<<<<

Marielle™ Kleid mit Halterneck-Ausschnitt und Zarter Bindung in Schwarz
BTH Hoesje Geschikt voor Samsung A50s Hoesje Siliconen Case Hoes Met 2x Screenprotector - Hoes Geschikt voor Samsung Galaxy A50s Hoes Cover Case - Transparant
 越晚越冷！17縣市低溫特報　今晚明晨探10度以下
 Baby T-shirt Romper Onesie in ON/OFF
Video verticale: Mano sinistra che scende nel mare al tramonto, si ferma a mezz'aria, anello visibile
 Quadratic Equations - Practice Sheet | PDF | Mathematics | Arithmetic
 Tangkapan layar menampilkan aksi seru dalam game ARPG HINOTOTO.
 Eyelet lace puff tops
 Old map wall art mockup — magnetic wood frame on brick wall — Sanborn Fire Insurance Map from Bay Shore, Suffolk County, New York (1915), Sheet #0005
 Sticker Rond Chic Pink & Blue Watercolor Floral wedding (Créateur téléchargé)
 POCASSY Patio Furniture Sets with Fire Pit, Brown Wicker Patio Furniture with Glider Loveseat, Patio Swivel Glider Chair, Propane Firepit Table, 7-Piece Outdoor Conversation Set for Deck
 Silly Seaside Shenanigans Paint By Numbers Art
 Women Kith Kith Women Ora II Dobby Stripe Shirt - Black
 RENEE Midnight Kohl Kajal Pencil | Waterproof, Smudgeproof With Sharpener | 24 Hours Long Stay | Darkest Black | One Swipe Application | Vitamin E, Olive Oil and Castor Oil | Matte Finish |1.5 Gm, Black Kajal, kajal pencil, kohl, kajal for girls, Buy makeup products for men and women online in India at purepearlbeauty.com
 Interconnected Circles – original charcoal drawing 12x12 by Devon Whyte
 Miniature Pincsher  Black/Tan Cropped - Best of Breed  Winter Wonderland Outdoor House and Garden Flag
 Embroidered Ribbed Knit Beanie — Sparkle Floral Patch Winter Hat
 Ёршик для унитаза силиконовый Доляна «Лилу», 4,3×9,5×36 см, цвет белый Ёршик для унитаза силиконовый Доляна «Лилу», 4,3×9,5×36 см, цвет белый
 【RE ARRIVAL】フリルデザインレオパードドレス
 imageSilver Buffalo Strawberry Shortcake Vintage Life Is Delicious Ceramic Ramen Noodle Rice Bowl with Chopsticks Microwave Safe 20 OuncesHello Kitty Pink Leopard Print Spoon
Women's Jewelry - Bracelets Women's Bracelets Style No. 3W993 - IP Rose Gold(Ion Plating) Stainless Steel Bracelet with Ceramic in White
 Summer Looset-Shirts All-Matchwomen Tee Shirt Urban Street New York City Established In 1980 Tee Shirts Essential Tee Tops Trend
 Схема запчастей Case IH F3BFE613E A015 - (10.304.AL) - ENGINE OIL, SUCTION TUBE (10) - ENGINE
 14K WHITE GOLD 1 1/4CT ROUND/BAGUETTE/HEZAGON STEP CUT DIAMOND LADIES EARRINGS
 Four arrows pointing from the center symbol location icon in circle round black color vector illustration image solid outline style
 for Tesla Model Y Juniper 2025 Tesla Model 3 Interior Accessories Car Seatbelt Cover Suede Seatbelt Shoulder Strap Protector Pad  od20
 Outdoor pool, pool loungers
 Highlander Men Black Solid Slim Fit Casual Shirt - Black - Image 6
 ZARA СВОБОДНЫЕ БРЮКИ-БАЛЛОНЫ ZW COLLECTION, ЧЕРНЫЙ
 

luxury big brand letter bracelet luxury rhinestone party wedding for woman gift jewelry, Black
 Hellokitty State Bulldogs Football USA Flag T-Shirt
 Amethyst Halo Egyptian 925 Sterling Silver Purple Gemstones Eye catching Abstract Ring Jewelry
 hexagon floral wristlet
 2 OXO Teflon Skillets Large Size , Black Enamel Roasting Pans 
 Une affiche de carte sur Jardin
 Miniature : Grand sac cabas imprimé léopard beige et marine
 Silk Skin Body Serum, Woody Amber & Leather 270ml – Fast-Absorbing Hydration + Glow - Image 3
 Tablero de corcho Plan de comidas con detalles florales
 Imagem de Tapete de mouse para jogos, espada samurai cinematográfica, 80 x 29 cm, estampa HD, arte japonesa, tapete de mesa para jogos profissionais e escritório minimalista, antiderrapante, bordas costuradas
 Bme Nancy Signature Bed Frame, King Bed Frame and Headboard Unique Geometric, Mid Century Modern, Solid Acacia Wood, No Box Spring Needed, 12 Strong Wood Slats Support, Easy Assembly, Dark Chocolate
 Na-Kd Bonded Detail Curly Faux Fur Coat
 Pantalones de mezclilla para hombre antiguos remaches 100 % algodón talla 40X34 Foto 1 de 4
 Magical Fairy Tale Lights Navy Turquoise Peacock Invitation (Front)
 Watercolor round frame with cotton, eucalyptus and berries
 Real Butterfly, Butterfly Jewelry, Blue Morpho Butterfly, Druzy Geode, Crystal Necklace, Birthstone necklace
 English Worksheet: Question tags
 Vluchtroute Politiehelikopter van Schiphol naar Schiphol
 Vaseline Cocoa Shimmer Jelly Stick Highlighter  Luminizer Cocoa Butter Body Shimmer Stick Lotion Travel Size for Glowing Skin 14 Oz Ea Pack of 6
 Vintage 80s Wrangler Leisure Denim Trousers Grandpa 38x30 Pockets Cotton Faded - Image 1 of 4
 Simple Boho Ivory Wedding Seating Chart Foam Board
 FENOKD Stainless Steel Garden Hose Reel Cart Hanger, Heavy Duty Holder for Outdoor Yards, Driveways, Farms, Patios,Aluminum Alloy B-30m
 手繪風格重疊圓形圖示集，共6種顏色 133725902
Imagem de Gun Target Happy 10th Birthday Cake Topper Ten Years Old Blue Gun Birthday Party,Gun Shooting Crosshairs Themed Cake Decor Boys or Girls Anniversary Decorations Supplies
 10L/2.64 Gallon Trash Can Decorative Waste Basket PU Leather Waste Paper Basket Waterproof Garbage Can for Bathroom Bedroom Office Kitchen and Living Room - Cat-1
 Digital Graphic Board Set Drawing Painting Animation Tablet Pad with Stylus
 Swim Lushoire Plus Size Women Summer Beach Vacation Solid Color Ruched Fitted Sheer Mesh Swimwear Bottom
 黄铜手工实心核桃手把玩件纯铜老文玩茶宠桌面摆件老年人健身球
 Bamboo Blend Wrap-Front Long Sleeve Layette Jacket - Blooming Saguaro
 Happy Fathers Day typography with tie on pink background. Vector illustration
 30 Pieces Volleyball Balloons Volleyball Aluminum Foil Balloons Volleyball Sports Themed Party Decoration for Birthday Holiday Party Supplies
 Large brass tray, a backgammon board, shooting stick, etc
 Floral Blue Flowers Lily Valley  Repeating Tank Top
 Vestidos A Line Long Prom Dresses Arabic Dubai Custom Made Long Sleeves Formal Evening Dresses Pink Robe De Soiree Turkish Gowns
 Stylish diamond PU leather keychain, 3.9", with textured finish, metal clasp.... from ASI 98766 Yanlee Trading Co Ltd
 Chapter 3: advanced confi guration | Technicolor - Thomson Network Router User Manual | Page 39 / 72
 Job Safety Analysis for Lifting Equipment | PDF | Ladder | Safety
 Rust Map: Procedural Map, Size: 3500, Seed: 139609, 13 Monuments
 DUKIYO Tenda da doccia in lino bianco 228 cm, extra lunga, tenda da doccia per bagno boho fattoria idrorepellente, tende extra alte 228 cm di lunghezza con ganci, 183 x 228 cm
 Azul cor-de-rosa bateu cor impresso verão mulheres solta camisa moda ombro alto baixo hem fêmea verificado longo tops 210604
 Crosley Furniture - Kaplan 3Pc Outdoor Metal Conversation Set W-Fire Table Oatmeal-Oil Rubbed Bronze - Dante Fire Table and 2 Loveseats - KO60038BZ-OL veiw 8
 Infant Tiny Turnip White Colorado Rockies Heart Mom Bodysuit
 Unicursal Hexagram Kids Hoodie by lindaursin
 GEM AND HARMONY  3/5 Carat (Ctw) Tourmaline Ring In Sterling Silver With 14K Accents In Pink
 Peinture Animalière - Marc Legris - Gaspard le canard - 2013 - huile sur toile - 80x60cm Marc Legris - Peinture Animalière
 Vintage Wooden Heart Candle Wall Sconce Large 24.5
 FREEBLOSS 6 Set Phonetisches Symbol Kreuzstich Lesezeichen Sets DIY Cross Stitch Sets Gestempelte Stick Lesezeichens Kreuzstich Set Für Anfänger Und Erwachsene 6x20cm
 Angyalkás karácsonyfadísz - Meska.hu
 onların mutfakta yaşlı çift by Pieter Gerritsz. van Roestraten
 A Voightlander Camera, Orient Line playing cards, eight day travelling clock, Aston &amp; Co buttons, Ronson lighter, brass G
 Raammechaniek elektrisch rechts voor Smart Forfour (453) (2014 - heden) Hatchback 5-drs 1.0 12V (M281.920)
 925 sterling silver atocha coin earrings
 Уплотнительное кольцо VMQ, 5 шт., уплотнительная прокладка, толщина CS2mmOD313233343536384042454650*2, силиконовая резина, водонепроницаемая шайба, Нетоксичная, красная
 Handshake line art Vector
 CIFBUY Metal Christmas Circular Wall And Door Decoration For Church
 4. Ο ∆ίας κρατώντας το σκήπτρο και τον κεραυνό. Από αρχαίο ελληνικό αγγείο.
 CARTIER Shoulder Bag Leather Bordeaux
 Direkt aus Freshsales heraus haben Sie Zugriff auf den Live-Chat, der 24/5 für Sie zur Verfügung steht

>>>>

What to work on = In the listing above, find the line containing "English Worksheet: Question tags" and the line containing "手繪風格重疊圓形圖示集，共6種顏色 133725902", then repeat those two lines and everything between them exactly.

Solution for this problem =
 English Worksheet: Question tags
 Vluchtroute Politiehelikopter van Schiphol naar Schiphol
 Vaseline Cocoa Shimmer Jelly Stick Highlighter  Luminizer Cocoa Butter Body Shimmer Stick Lotion Travel Size for Glowing Skin 14 Oz Ea Pack of 6
 Vintage 80s Wrangler Leisure Denim Trousers Grandpa 38x30 Pockets Cotton Faded - Image 1 of 4
 Simple Boho Ivory Wedding Seating Chart Foam Board
 FENOKD Stainless Steel Garden Hose Reel Cart Hanger, Heavy Duty Holder for Outdoor Yards, Driveways, Farms, Patios,Aluminum Alloy B-30m
 手繪風格重疊圓形圖示集，共6種顏色 133725902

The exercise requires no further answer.